The Weekly Briefing: Microsoft Intune rollouts and executive moves

Several consulting firms used the work week that preceded Labor Day to announce leadership changes. Boardroom Insight caught up with one of the newly appointed executives, the director of Boyer & Associates’ workplace technology practice, to learn about his plans to grow the unit. We also caught up with the chief commercial officer of Altis Consulting to learn about the firm’s new AI partnership with Domo. Plus, business updates from Kantata, Capgemini, Cognizant and CGI.
Boyer & Associates appoints Chris Svensson as its modern work enablement director. The consultancy’s modern work practice, which launched last year, helps small and midsize businesses adopt Microsoft 365. One of Svensson’s responsibilities will be expanding the lineup of Microsoft-related services that the firm offers to clients.

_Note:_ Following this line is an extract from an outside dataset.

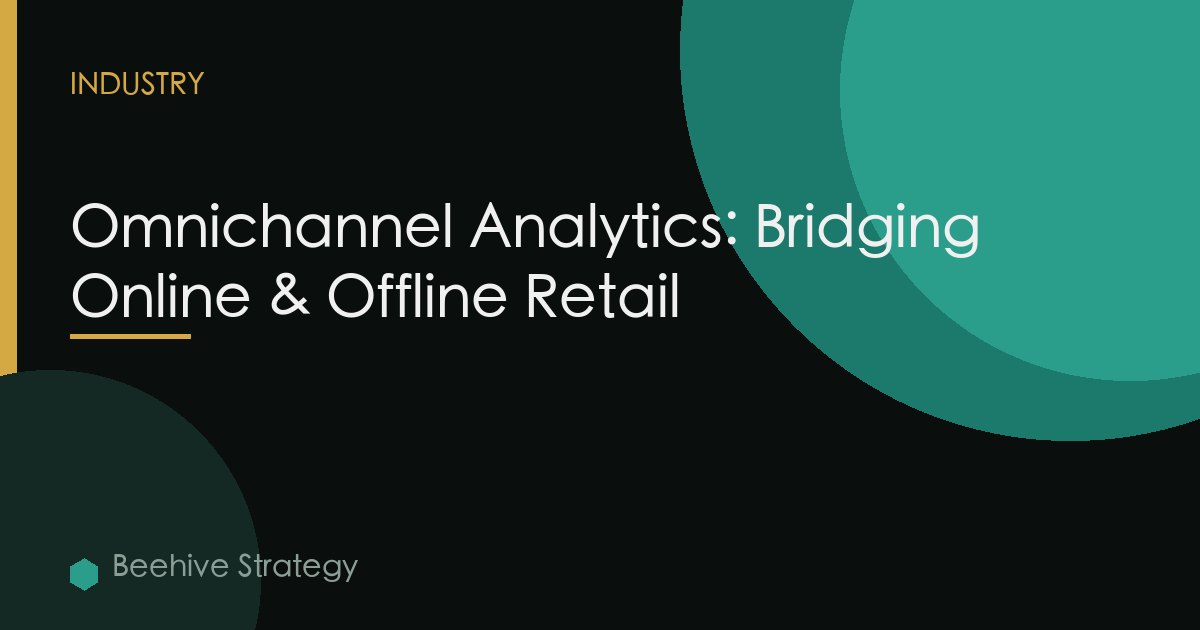 Omnichannel Analytics: Bridging Online & Offline Retail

Boyer & Associates has already developed two new offerings as part of the growth initiative. The first is a service that helps companies deploy Microsoft Intune, a cloud-based tool for managing employee devices. The software eases tasks such as downloading updates and configuring endpoint security settings. Boyer & Associates can complete the Intune setup process in a week, Svensson told Boardroom Insight. Along the way, the firm upgrades any legacy Windows 10 devices that a client may still have in its network to Windows 11.
“With Windows 10 reaching its end-of-life date next month, this seemed the natural first step for Boyer to assist our customers with,” Svensson explained.
The firm’s second new consulting offering will help clients reduce their Microsoft 365 licensing costs. “Boyer will provide customers with ongoing license reviews, Secure Score optimization, architectural guidance, passed-through partner discounts and flexible payment terms.” Svensson said. “Next up, Boyer plans to debut a managed service offer for SMBs looking to outsource management of their end-user devices.”
Domo partners with Altis Consulting. Nasdaq-listed Domo offers a cloud platform that companies can use to combine records from different systems, clean them and turn them into dashboards. The software is also useful for machine learning projects. Domo enables companies to build AI agents that can automate tasks such as forecasting revenue.
Last week, the software vendor partnered with Sydney-based Atis Consulting to expand the adoption of its platform in Australia and New Zealand. The collaboration focuses on an integration that Domo provides for Snowflake. The integration allows companies to load data into Snowflake using Domo’s platform and then make the data available to AI agents. Altis Consulting will hold workshops to familiarize local organizations with the two technologies.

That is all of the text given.